> _INSTRUCTIONS TO FOLLOW_
Could you write out, exactly and with no pictures, every line from the one containing "11840 NW 41st St, Fort Lauderdale, FL 33323" through the last line of the entries?

Brief descriptive captions
- - - - - - -

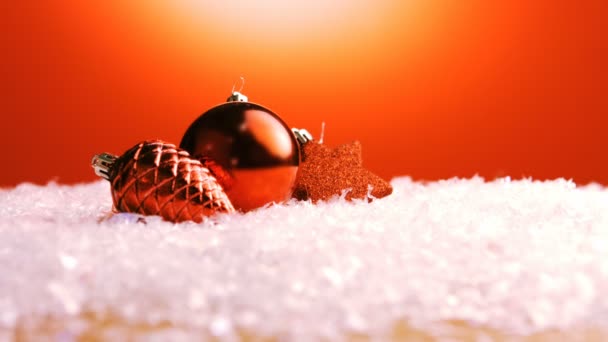 Decoraciones navideñas sobre nieve — Vídeo de stock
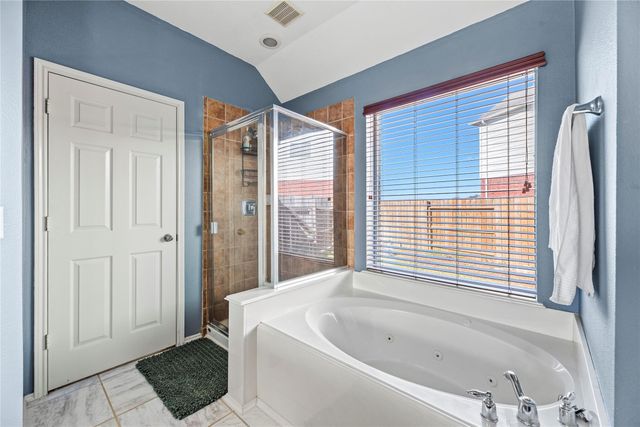 2355 Emory Knoll Drive, Fresno, TX 77545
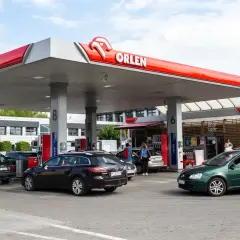 Od kiedy tańsze paliwo na Orlen? Sprawdź daty i zniżki już teraz
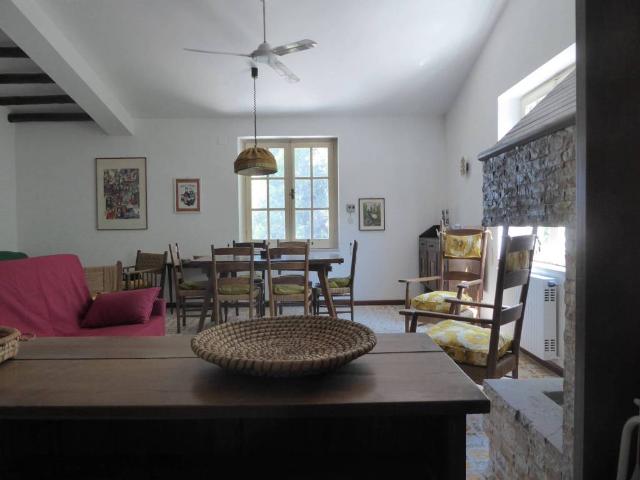 Villa Indipendente in vendita a Mezzojuso, Sicilia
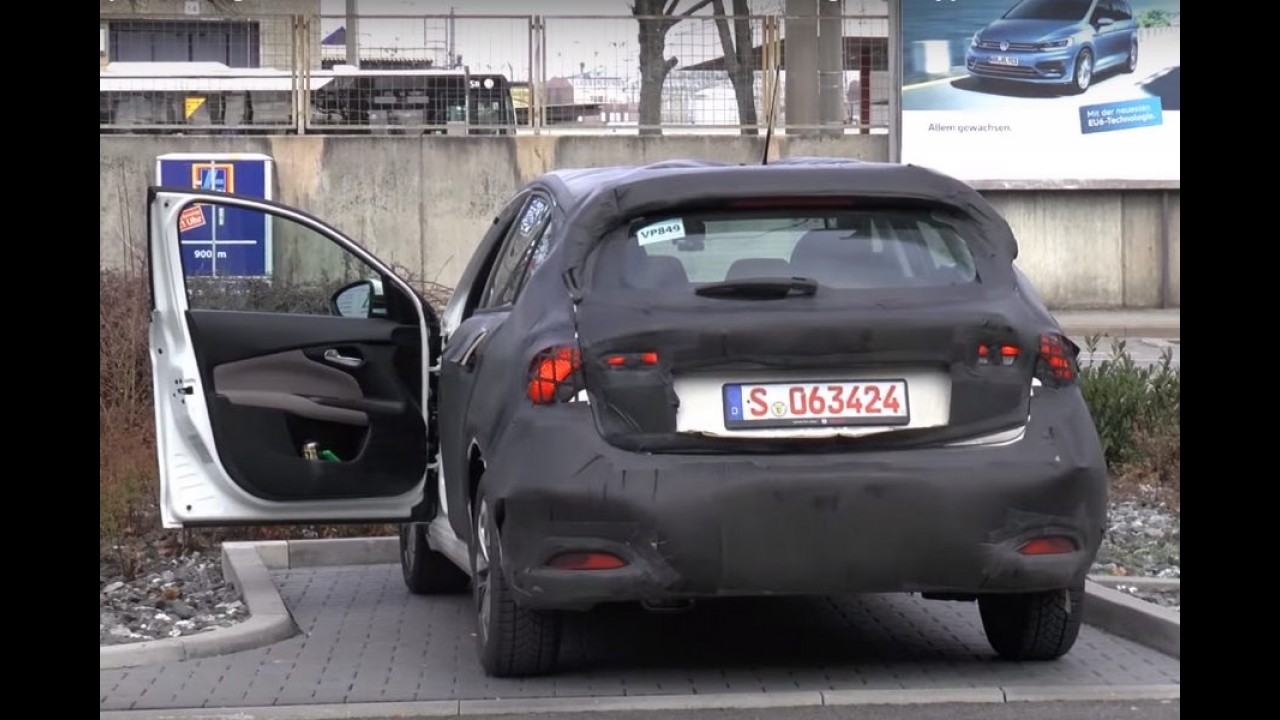 Flagra: vídeo mostra Tipo hatch, um dos principais lançamentos da Fiat para 2016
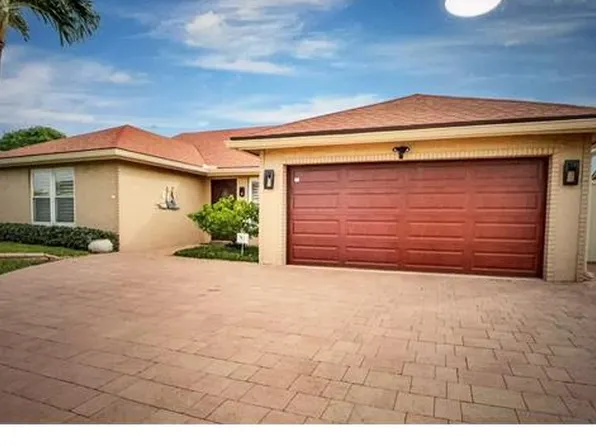 11840 NW 41st St, Fort Lauderdale, FL 33323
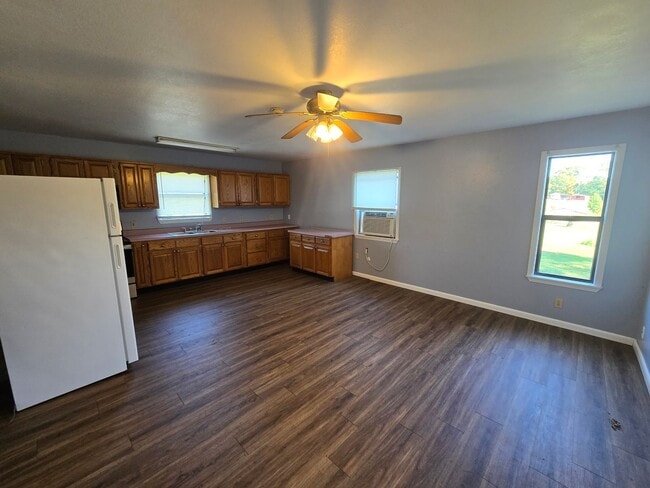 Foto del edificio - 1 Bed/ 1 Bath Duplex in Desha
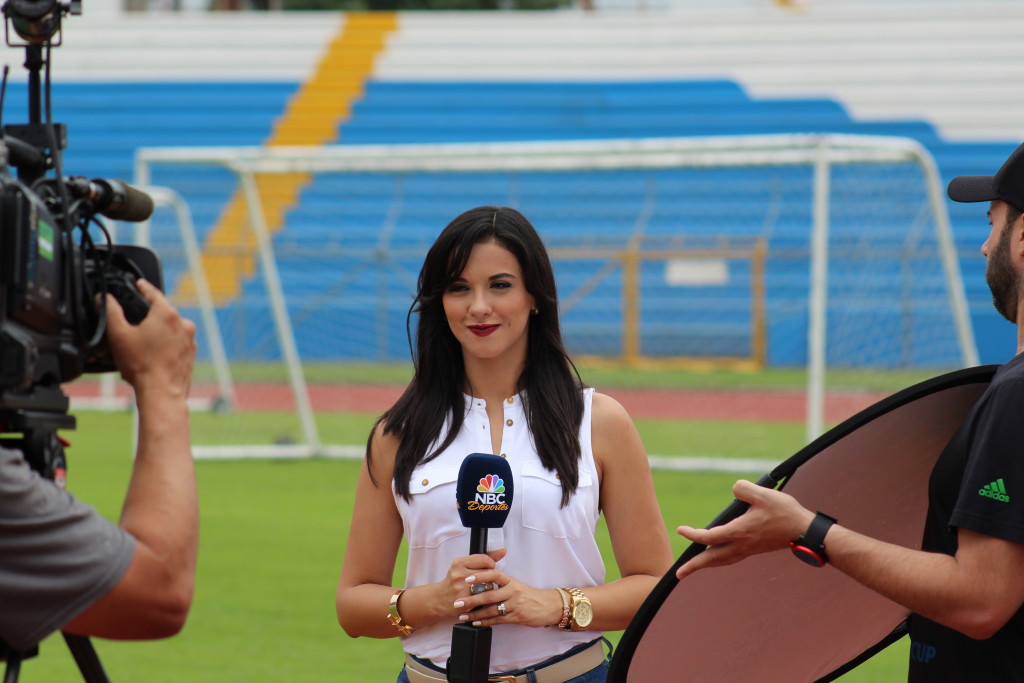 En plenas funciones para Telemundo parte de NBC News, Ana Jurka transmite la previa del Honduras-México. Foto HSI/Gio Saybe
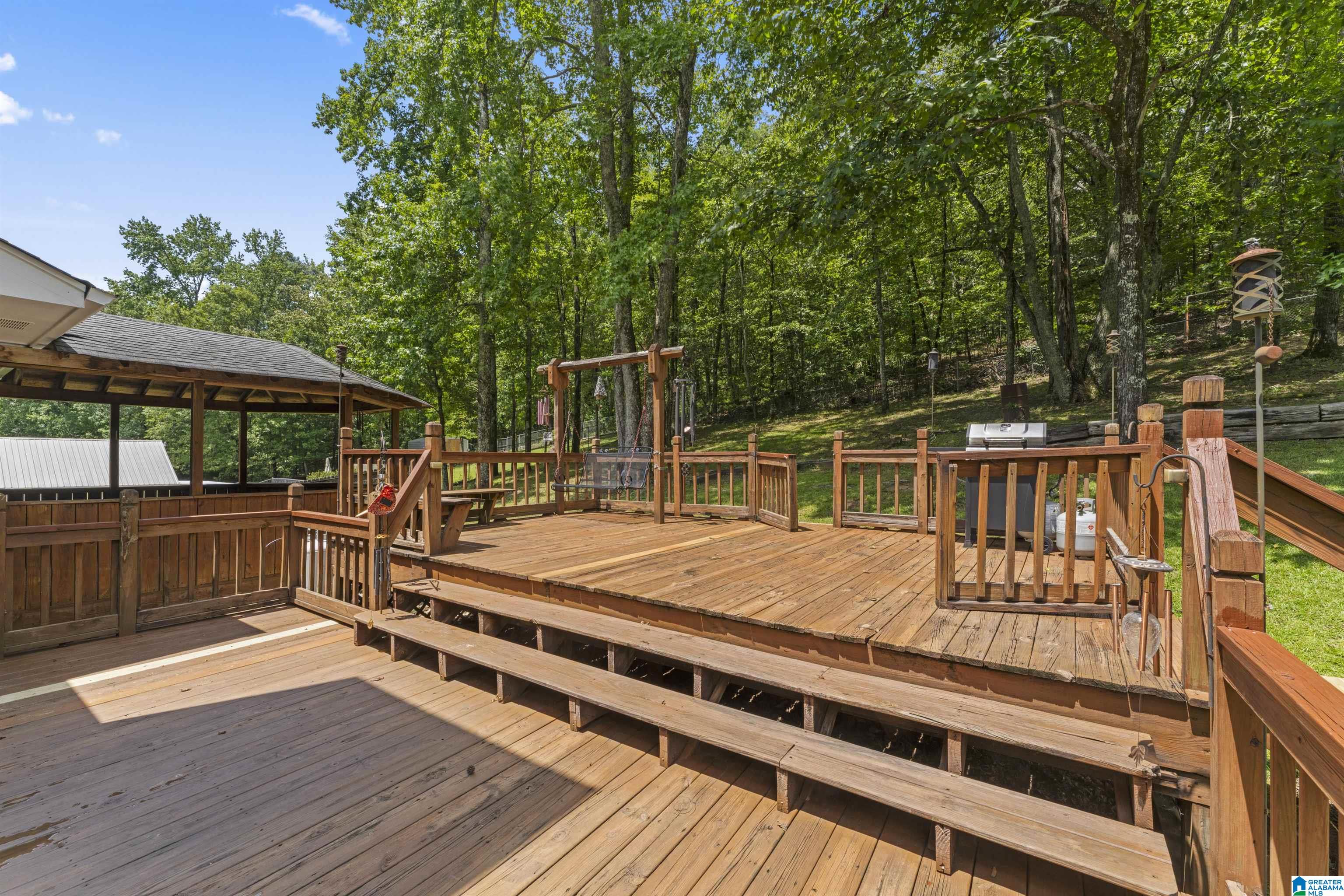 1114 ROCK CREST DRIVE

- - - - - - -

> _RESULT_
 11840 NW 41st St, Fort Lauderdale, FL 33323
 Foto del edificio - 1 Bed/ 1 Bath Duplex in Desha
 En plenas funciones para Telemundo parte de NBC News, Ana Jurka transmite la previa del Honduras-México. Foto HSI/Gio Saybe
 1114 ROCK CREST DRIVE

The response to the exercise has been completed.